— HOW TO COMPLETE THIS TASK —
Give back the lines of the records exactly, starting at the first and ending at the one with "Brown Textured Balloon Sleeve Tunic Dress".

Saved entries

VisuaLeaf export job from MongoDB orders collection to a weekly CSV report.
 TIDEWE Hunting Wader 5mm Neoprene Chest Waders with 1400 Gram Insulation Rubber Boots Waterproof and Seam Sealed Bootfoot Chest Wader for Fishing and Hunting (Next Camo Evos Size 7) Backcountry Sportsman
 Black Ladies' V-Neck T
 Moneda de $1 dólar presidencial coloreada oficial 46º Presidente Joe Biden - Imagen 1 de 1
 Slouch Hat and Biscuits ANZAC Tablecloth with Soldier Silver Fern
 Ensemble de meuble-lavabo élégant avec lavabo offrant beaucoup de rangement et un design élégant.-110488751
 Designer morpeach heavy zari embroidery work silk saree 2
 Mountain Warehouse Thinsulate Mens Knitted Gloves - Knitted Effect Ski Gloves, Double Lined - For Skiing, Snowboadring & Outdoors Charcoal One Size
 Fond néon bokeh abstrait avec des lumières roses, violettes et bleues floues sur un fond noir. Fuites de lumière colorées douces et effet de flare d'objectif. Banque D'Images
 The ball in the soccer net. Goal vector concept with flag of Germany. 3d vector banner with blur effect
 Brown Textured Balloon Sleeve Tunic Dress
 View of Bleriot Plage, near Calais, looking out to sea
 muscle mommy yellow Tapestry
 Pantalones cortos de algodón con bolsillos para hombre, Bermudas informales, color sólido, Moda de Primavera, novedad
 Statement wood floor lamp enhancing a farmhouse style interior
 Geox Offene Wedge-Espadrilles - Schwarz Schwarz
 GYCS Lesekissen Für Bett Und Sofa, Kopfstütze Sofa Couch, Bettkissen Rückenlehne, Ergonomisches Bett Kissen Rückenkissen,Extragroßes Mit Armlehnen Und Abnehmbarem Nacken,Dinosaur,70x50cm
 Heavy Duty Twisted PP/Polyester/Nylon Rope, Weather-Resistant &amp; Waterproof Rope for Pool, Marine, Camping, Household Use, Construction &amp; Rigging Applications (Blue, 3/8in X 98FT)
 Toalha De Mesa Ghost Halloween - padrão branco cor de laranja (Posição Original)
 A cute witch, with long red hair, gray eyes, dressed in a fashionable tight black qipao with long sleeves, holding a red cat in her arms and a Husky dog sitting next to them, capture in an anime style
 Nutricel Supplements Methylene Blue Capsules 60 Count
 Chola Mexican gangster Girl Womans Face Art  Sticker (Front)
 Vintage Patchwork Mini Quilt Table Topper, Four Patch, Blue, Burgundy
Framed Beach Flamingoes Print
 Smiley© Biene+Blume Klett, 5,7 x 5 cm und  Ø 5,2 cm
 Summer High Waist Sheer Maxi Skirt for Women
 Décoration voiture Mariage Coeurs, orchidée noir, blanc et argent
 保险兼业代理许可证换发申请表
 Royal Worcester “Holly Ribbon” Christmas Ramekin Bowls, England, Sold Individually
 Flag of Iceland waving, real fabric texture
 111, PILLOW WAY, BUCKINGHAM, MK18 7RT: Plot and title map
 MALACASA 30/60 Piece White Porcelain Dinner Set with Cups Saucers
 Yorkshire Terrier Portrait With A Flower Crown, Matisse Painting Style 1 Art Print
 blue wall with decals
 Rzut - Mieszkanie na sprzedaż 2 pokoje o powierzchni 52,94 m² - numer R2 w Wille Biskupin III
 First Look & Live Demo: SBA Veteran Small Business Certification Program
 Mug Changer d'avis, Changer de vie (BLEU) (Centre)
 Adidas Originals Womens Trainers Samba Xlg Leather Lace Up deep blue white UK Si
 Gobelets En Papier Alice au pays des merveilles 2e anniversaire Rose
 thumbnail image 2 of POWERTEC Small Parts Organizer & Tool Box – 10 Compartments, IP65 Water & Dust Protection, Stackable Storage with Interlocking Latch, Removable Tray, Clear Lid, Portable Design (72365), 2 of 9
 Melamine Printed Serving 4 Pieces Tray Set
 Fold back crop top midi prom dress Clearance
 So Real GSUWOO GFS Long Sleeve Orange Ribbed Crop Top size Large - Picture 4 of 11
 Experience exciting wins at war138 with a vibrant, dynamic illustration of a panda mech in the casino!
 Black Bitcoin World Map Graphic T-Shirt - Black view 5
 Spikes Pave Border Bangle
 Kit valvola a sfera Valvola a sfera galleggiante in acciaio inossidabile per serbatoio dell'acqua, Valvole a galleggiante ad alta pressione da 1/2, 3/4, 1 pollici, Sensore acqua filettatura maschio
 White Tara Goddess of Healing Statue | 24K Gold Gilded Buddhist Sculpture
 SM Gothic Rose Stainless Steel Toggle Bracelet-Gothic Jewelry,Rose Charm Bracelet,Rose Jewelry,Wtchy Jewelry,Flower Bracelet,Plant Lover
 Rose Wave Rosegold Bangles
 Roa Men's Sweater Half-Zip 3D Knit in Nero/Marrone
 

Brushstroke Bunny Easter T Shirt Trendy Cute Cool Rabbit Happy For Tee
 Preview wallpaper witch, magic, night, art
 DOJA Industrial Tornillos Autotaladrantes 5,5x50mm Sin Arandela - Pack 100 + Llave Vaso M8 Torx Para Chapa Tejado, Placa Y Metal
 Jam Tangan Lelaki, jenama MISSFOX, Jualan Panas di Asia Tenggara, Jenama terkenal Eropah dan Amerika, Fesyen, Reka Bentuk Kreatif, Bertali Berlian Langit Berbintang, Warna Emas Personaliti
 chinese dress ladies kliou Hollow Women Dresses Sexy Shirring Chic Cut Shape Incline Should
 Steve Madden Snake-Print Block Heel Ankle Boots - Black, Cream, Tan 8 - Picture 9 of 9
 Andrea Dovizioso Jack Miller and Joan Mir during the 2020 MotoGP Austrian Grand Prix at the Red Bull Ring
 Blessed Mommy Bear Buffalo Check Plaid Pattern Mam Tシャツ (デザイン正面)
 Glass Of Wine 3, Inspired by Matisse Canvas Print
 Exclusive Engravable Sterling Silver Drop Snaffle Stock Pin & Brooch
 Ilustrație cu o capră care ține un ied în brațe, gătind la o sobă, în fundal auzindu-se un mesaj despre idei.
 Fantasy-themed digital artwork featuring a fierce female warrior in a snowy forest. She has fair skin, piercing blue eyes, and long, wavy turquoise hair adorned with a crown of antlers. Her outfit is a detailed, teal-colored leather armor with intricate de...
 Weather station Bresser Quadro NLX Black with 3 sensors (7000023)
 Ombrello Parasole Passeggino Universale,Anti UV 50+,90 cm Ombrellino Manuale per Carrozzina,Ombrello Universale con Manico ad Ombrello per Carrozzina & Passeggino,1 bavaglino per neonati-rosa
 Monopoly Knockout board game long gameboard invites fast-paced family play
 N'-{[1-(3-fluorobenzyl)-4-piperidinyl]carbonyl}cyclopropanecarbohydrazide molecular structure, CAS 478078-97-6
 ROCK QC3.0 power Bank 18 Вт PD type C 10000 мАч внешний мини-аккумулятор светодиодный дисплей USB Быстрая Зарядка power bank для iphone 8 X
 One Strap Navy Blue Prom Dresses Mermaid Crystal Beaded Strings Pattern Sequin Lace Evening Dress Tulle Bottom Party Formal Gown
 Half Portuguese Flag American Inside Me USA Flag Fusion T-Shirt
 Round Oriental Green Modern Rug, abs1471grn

— WRITTEN SOLUTION —
VisuaLeaf export job from MongoDB orders collection to a weekly CSV report.
 TIDEWE Hunting Wader 5mm Neoprene Chest Waders with 1400 Gram Insulation Rubber Boots Waterproof and Seam Sealed Bootfoot Chest Wader for Fishing and Hunting (Next Camo Evos Size 7) Backcountry Sportsman
 Black Ladies' V-Neck T
 Moneda de $1 dólar presidencial coloreada oficial 46º Presidente Joe Biden - Imagen 1 de 1
 Slouch Hat and Biscuits ANZAC Tablecloth with Soldier Silver Fern
 Ensemble de meuble-lavabo élégant avec lavabo offrant beaucoup de rangement et un design élégant.-110488751
 Designer morpeach heavy zari embroidery work silk saree 2
 Mountain Warehouse Thinsulate Mens Knitted Gloves - Knitted Effect Ski Gloves, Double Lined - For Skiing, Snowboadring & Outdoors Charcoal One Size
 Fond néon bokeh abstrait avec des lumières roses, violettes et bleues floues sur un fond noir. Fuites de lumière colorées douces et effet de flare d'objectif. Banque D'Images
 The ball in the soccer net. Goal vector concept with flag of Germany. 3d vector banner with blur effect
 Brown Textured Balloon Sleeve Tunic Dress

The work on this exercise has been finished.